The Wilderness Warrior - Douglas Brinkley [362]
IV
On November 8, 1904, Roosevelt won a decisive victory over Alton Parker, with 336 electoral votes to 140. The socialist Eugene V. Debs had run as a third-party but didn’t earn a single electoral vote. Roosevelt had earned the White House. This was, in fact, the largest plurality for a U.S. president up until that time. As for Congress, the Republicans swept both houses, picking up many new seats. It’s been estimated that about thirty of the freshman Republican legislators elected were ardent Rooseveltian conservationists. Because Roosevelt had publicly pledged that he would not run again in 1908 (a decision he came to regret), he was free to push forward his ideas on national forests, wildlife protection, western irrigation, and federal bird reservations.

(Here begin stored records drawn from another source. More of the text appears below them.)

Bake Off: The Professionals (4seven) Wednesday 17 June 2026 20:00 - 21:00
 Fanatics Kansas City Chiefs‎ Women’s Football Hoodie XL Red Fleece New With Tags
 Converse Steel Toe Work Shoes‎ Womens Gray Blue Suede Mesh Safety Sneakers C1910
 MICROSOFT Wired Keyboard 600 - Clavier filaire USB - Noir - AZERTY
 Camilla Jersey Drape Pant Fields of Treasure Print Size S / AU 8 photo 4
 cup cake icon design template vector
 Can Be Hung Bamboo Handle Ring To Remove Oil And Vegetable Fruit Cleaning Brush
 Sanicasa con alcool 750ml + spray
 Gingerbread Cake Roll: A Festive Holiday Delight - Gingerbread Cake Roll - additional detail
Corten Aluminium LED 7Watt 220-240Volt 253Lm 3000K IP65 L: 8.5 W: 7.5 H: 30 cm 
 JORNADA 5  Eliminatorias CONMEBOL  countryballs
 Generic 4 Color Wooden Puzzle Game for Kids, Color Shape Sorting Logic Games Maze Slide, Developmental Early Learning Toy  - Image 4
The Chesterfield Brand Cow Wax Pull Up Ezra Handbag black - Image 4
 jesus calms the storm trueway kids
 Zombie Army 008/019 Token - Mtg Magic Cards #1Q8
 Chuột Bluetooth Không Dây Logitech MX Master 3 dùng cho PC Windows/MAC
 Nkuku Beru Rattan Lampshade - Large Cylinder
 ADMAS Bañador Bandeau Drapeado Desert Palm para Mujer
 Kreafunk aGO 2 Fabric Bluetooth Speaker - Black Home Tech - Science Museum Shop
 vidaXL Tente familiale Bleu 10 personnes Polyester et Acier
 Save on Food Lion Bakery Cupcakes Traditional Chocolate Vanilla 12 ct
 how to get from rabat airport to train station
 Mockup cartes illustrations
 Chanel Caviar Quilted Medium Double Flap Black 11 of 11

Ironically, Roosevelt’s premature pledge not to run again had the beneficial effect of letting him be more aggressive about creating forest reserves. He had learned something from the way President Cleveland had protected 21 million acres before leaving the White House in 1897. Responding to a congratulatory note from Owen Wister, Roosevelt bragged about his successes in irrigation and forestry, claiming he had the “college bred” men of the country on his side.55 With executive power and no more elections, Roosevelt was off to the races regarding conservation—he was determined to create a new environmental infrastructure for America, one that would become a triumph of twentieth-century policy and planning.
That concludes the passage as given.